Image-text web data
_ _ _

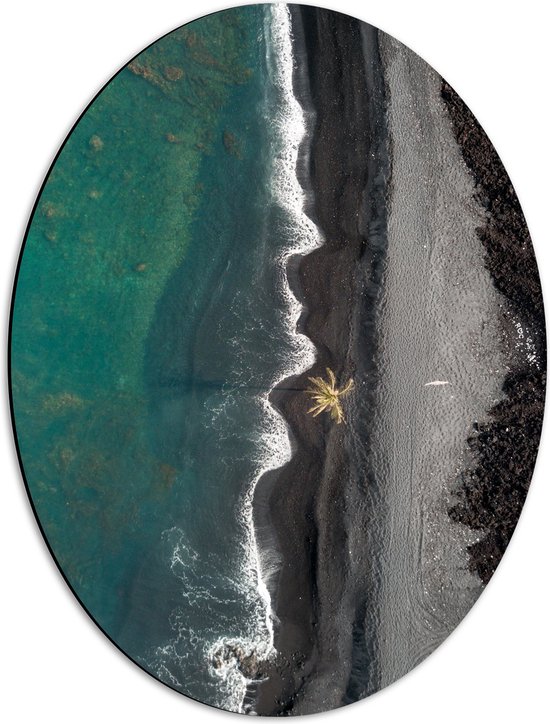 Dibond Ovaal - Blauwe Zee met Zwarte Strand - 42x56 cm Foto op Ovaal (Met Ophangsysteem)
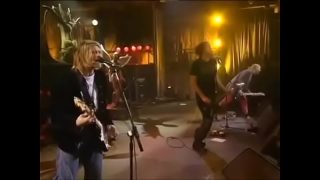 Nirvana – Ngacengin Penonton di Panggung, Seattle 1993 (Live And Loud)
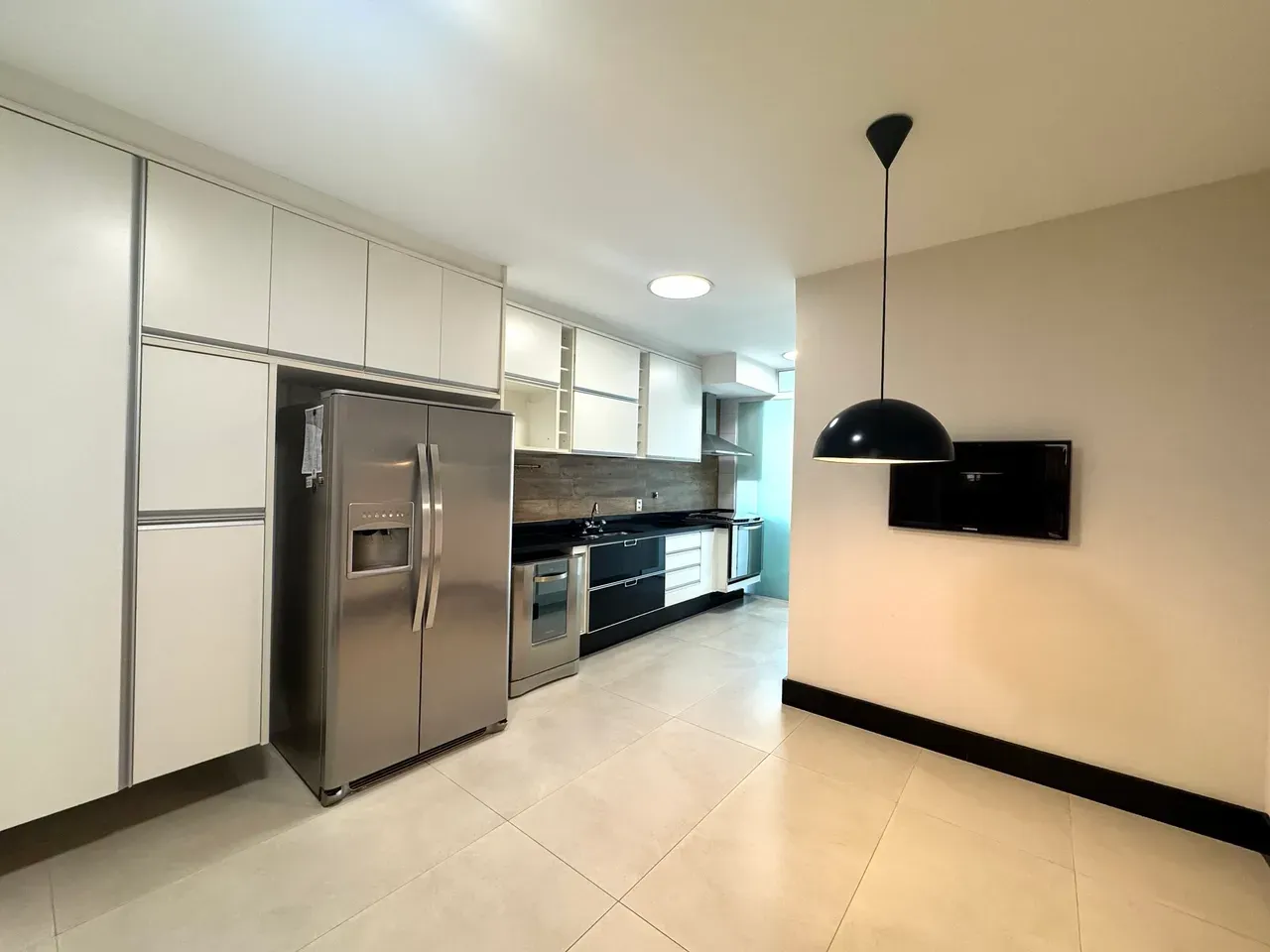 Unfurnished apartment with 4 bedrooms and 5 baths — photo 35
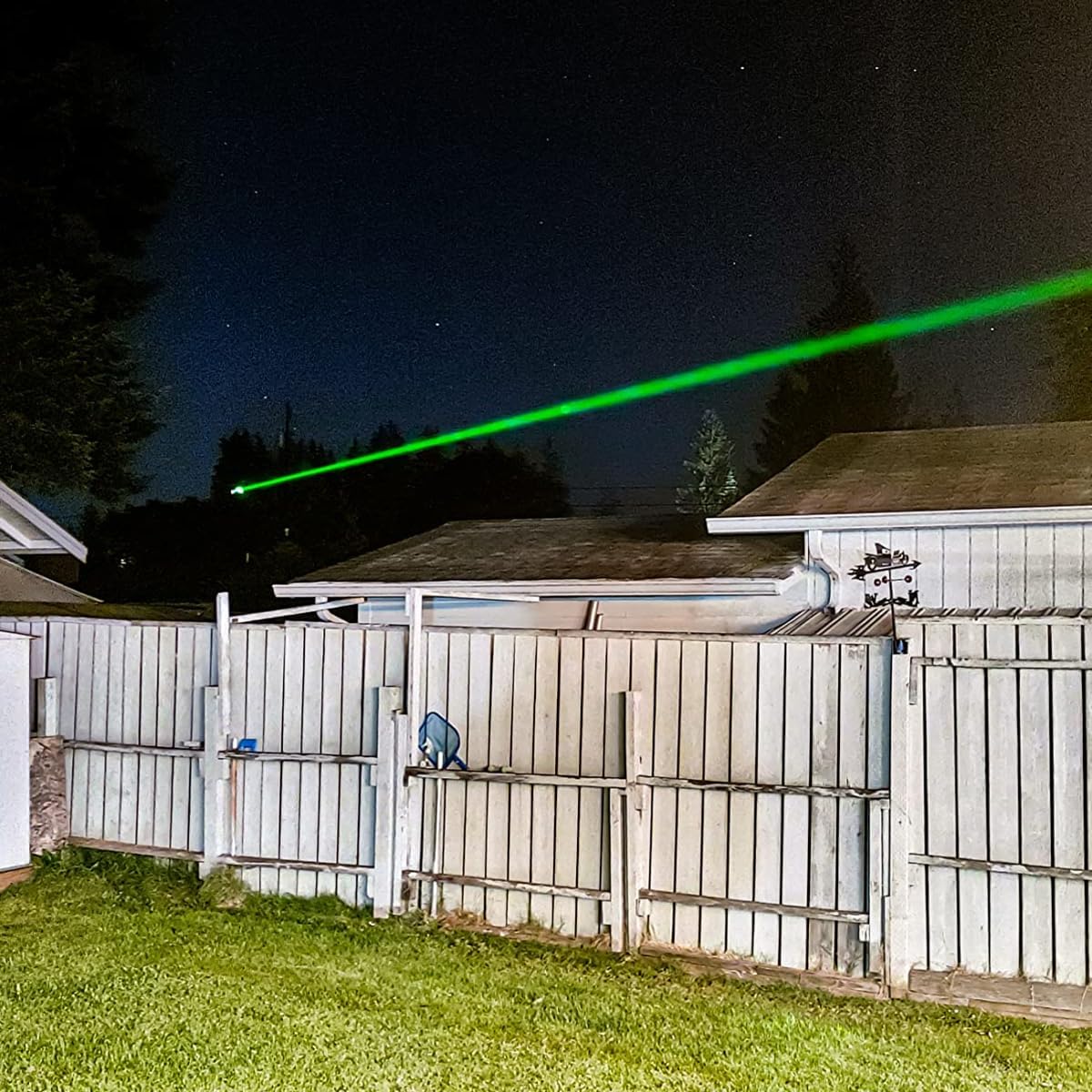Detalle 2 de IVVTRYI 9127 Green Laser Pointer, USB-Rechargeable, Aluminum, 2 Modes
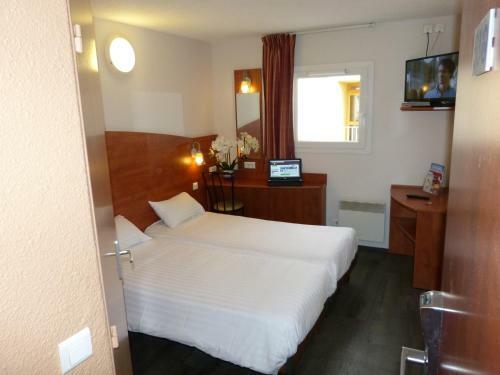 Best Hotel Reims La Pompelle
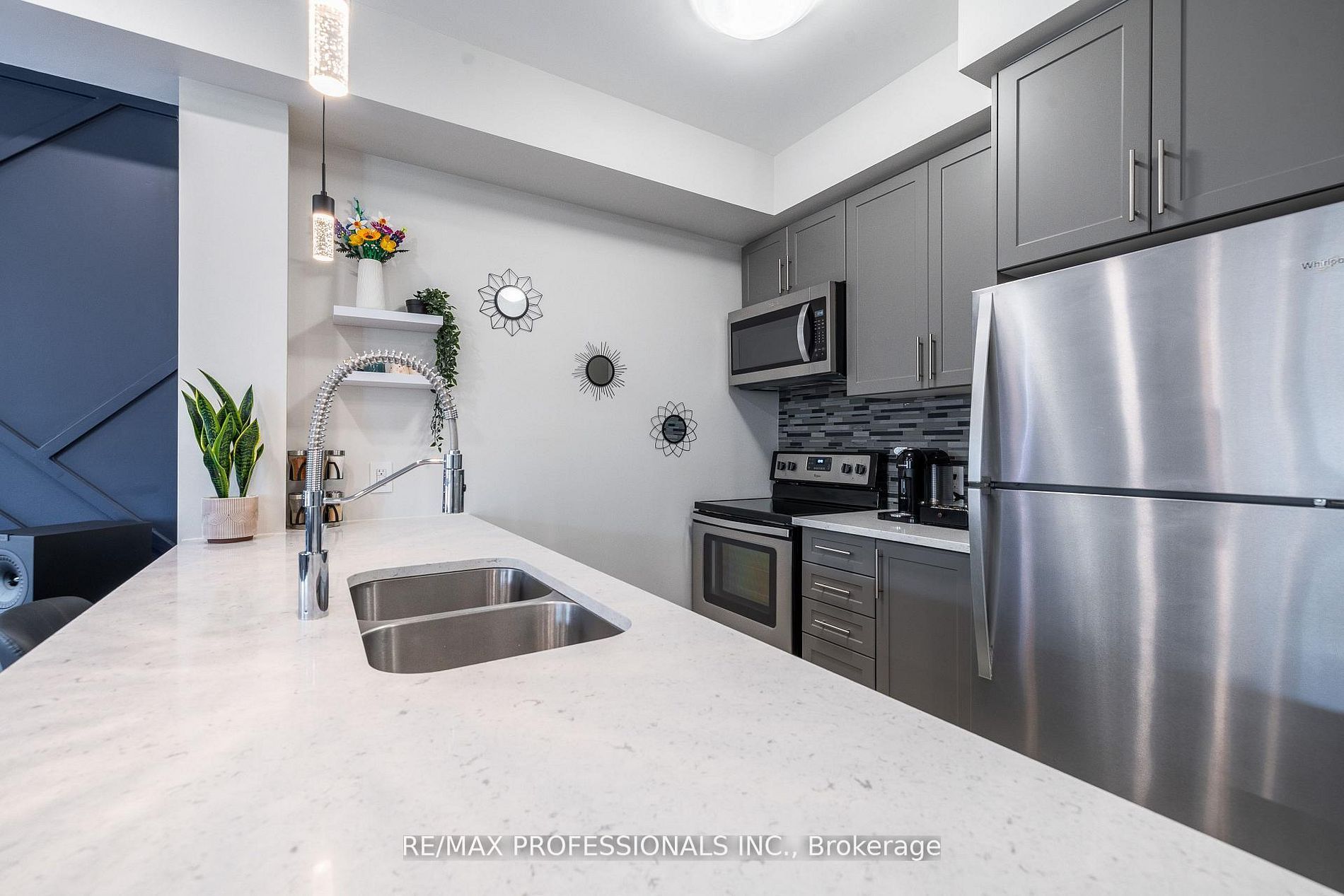 2393 Bronte Road 208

_ _ _

Print every record above exactly, with no pictures.

- **Expected answer**
 Dibond Ovaal - Blauwe Zee met Zwarte Strand - 42x56 cm Foto op Ovaal (Met Ophangsysteem)
 Nirvana – Ngacengin Penonton di Panggung, Seattle 1993 (Live And Loud)
 Unfurnished apartment with 4 bedrooms and 5 baths — photo 35
Detalle 2 de IVVTRYI 9127 Green Laser Pointer, USB-Rechargeable, Aluminum, 2 Modes
 Best Hotel Reims La Pompelle
 2393 Bronte Road 208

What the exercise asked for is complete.